┏━━
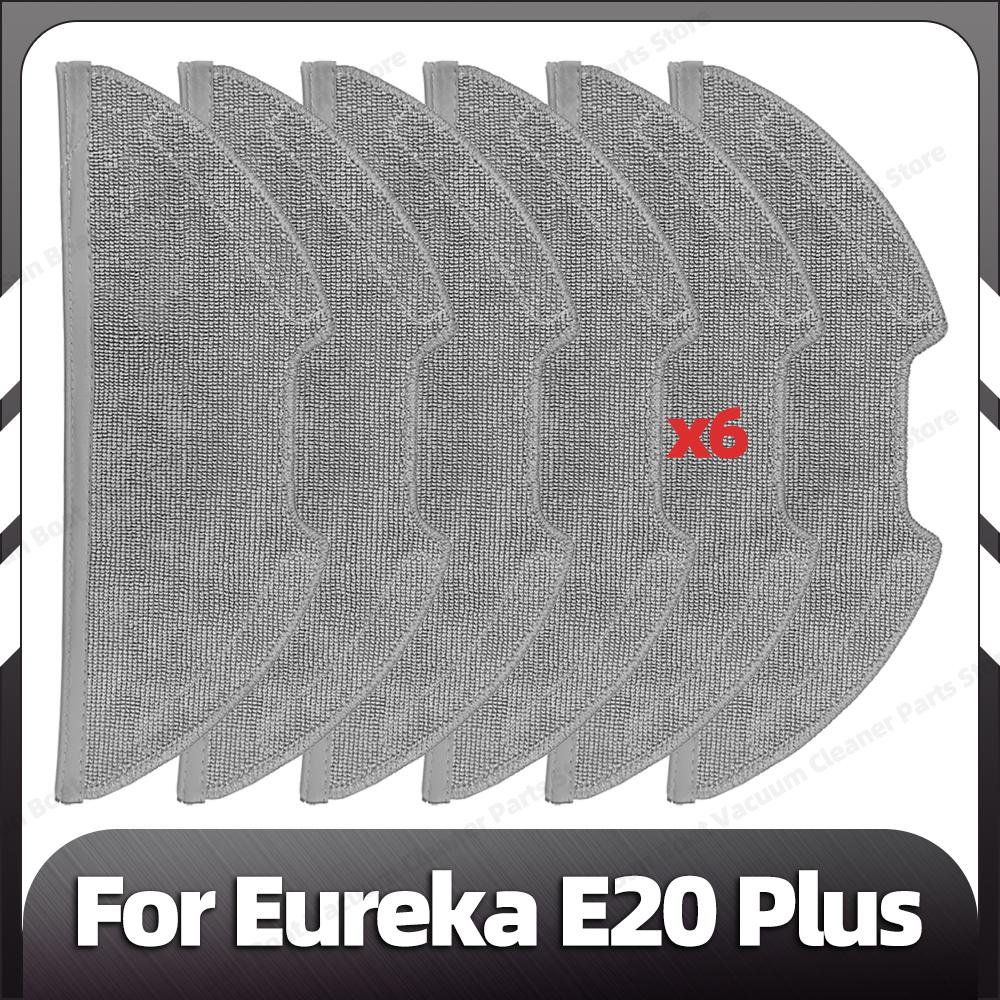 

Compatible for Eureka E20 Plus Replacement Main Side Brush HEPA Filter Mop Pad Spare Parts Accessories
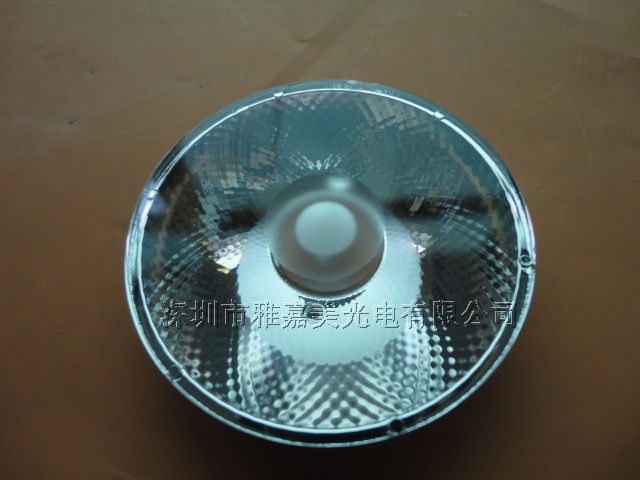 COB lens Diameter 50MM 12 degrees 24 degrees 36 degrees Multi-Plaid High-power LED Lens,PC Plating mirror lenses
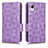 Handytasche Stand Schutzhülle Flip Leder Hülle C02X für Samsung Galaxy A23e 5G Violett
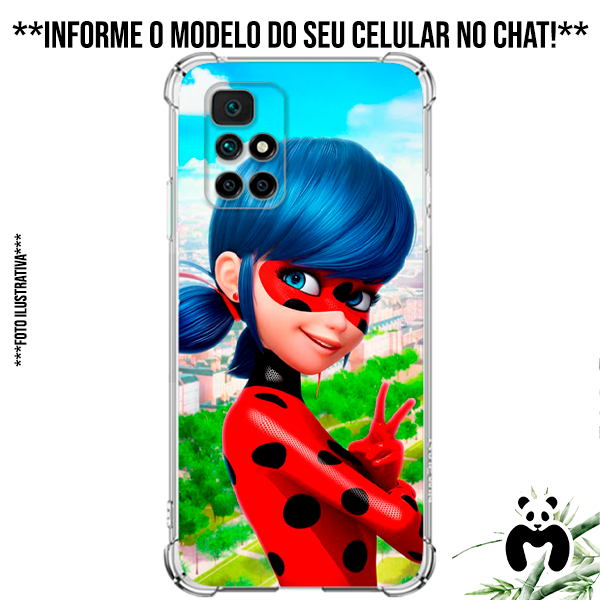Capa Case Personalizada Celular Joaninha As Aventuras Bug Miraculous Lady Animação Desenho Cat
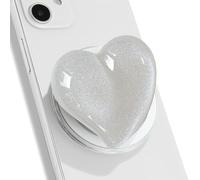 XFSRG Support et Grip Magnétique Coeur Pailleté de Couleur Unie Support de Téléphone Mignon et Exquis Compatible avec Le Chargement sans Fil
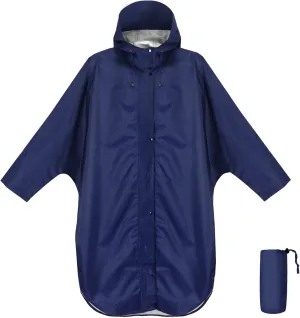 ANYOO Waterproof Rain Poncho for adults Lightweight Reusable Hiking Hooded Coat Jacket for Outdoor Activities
┗━━
┏━━
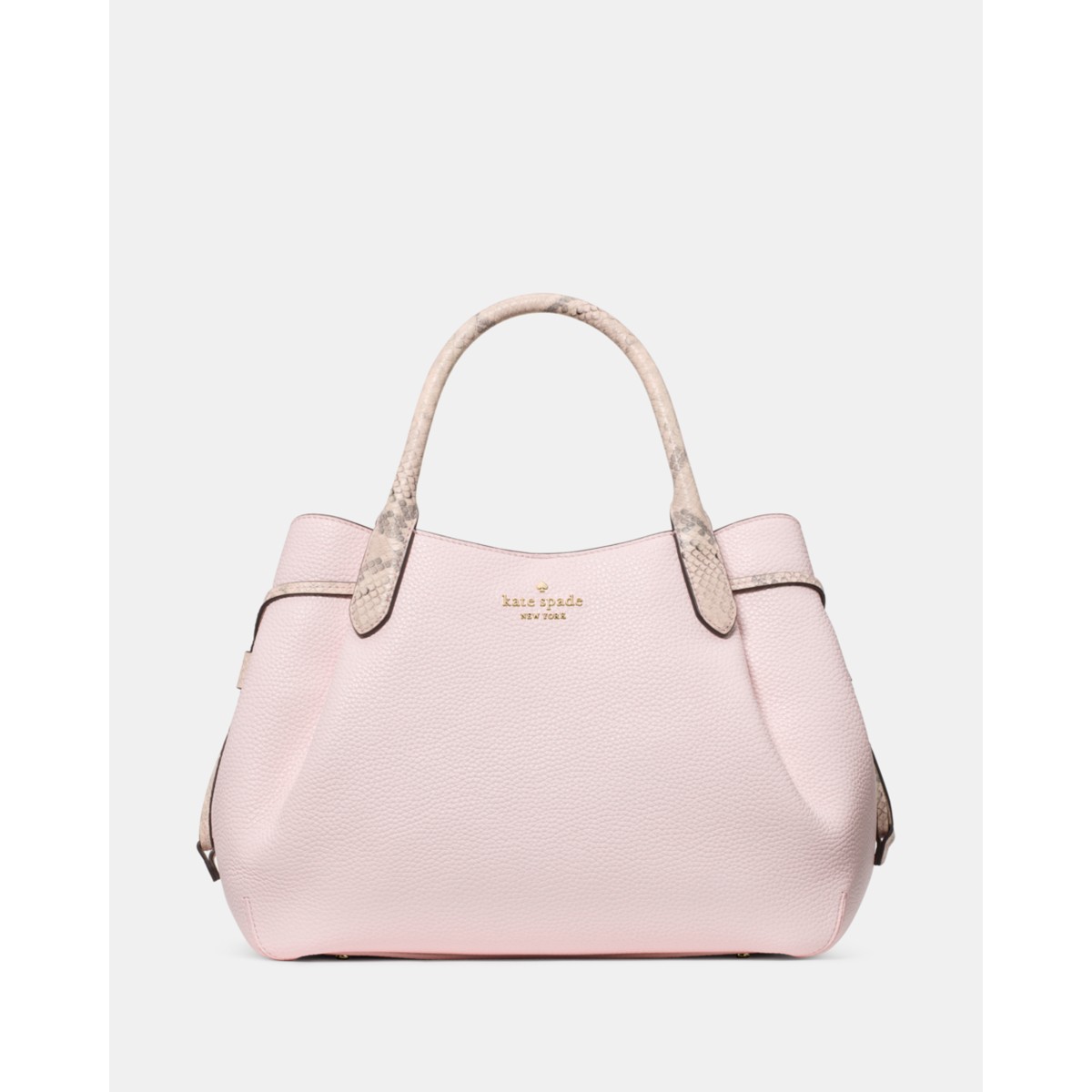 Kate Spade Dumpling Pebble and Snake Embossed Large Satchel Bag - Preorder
┗━━
- **INSTRUCTIONS TO FOLLOW**:
What you need to produce is an exact copy of the entries above, limited to the lines from the one with "Capa Case Personalizada" up to and including the one with "ANYOO Waterproof Rain", without pictures.

- **SOLUTION TO THIS EXERCISE**:
Capa Case Personalizada Celular Joaninha As Aventuras Bug Miraculous Lady Animação Desenho Cat
 XFSRG Support et Grip Magnétique Coeur Pailleté de Couleur Unie Support de Téléphone Mignon et Exquis Compatible avec Le Chargement sans Fil
 ANYOO Waterproof Rain Poncho for adults Lightweight Reusable Hiking Hooded Coat Jacket for Outdoor Activities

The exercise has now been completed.